Tra il 2016 e il 2019, più di 4,6 milioni di donne, uomini e bambini, hanno lasciato la propria terra, il Venezuela, per poter sfuggire alla miseria, alla violenza e alla povertà, in cerca di un futuro migliore ed umano. Dai quattromila ai cinquemila ogni giorno, secondo l’Alto Commissariato delle Nazioni Unite per i rifugiati e sono 225 mila quelli che hanno trovato rifugio in Brasile.
“SIETE MIL”, l’opera prima del giornalista e ad oggi anche regista, Francesco Semprini, racconta la fuga dei Venezuelani da una crisi umanitaria ed economica, che ha creato terreno fertile per criminalità, corruzione, azzerando gli standard di vita.

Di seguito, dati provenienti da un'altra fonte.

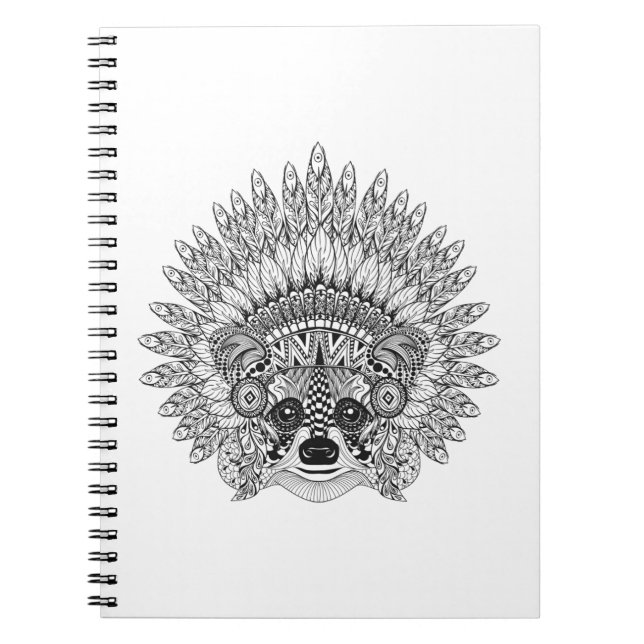 Racoon In Feathered War Bonnet Doodle Notebook (Front)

Lo fa attraverso un viaggio compiuto al confine tra Brasile e Venezuela nella terra dei Pemones, comunità che ha subito durissime repressioni da parte del presidente Nicolàs Maduro. Oggi Francesco, in veste di regista-giornalista, si racconta alla Voce di New York.
Qui il trailer del documentario.
Francesco, come mai hai deciso di approcciarti alla regia?

“Il mondo dell’audiovisivo mi ha sempre attirato, ma da lontano. Sono dodici anni che faccio missioni di guerra e ho capito che la potenza del video, rispetto alle foto piuttosto che al cartaceo, è superiore e ti da un valore aggiunto, così ho iniziato a girare dei video autonomamente, scoprendo che, paradossalmente, mi trovavo meglio dietro la telecamera che davanti. Un po’ perché essendo giornalista mi piace più essere l’artefice che il protagonista, non voglio essere la notizia, la voglio raccontare. Questa è stata, dunque, l’occasione migliore: dovevo recarmi in Brasile per raccontare come veniva gestita l’accoglienza dei Venezuelani, quindi in realtà, il mio viaggio doveva partire dal confine tra Brasile e Venezuela, dalla parte brasiliana e raccontare come arrivano, come vengono accolti e poi orientati verso un processo d’integrazione all’interno del paese. Se nonché arrivato in questa piccola città chiamata Pacaraima, per caso vengo a conoscenza della storia che riguarda la tribù indigena dei Pemones, che vive a cavallo del confine, scoprendo che questa comunità è stata vittima di una grave repressione da parte di Maduro, nel Febbraio del 2019”.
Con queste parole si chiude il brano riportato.